Depression is a complex neuropsychiatric disease with extensive morbidity. Its pathogenesis remains unclear, and it is associated with extremely low rates of cure and complete remission. It is vital to study the pathogenesis of depression to develop effective treatments. This study aimed to explore the therapeutic effects and mechanisms of fecal microbiota transplantation (FMT) for the treatment of depression in rats.

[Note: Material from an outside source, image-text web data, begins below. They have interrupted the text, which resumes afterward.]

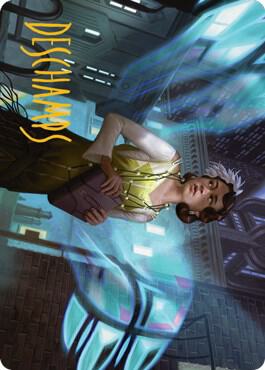 Giada, Font of Hope Art Card (4/81) (Gold-Stamped Signature) card from Art Series: Streets of New Capenna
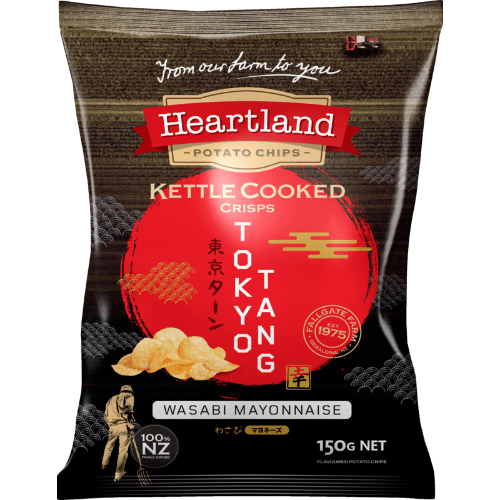 Heartland Kettle Cooked Tokyo Tang Wasabi Mayonnaise Potato Chips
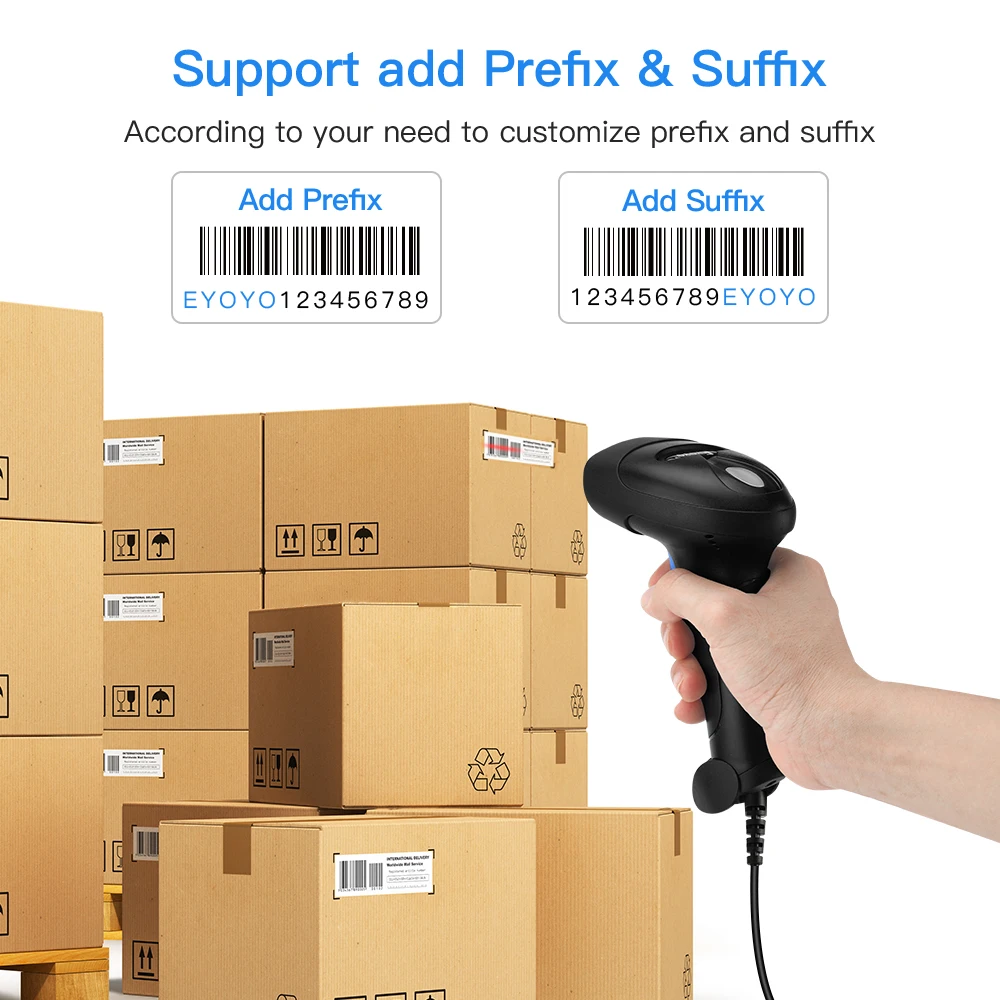Lettore Codici A Barre 2D/1D Wireless LENVII – Doppia Connessione USB/2.4GHz, Batteria 2000mAh, Legge QR E PDF417 Per PC E POS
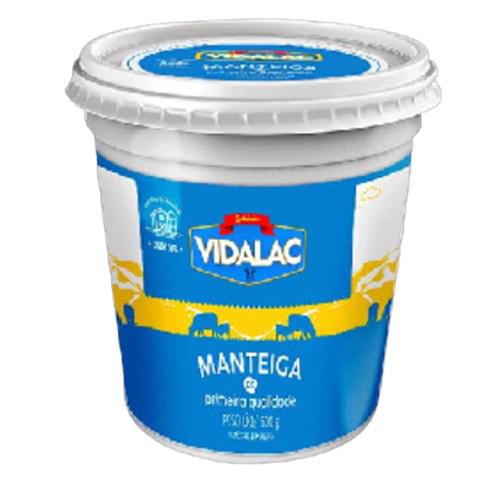 Manteiga Vidalac com Sal 500g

Thirty Sprague-Dawley (SD) rats were randomly divided into three groups: control, chronic unpredictable mild stress (CUMS) to model depression, and CUMS+FMT. For the CUMS and CUMS+FMT groups, after CUMS intervention (four weeks), the rats were given normal saline or FMT (once/week for three weeks), respectively. Behavior, colonic motility, 16S rDNA amplicon sequencing, and untargeted metabolomics on fecal samples were compared between the three rat groups. The following markers were analyzed: 5-hydroxytryptamine (5-HT), gamma-aminobutyric acid (GABA), glutamate (Glu), and brain-derived neurotrophic factor (BDNF) levels in the hippocampus; glucagon-like peptide 1 (GLP-1), lipopolysaccharide (LPS), and interleukin (IL)-6 levels in the serum; and GLP-1, GLP-1 receptor (GLP-1R), and serotonin 4 receptor (5-HT4R) levels in colonic tissues.
FMT improved symptoms of depression and colonic motility in rats exposed to CUMS. The expression levels of 5-HT, GABA, BDNF, and other biochemical indices, significantly differed among the three groups. Meanwhile, the intestinal microbiota in the CUMS+FMT group was more similar to that of the control group with a total of 13 different fecal metabolites.
FMT exerted antidepressant effects on CUMS-induced depression in rats, and the mechanism involved various neurotransmitters, inflammatory factors, neurotrophic factors, and glucagon-like peptides.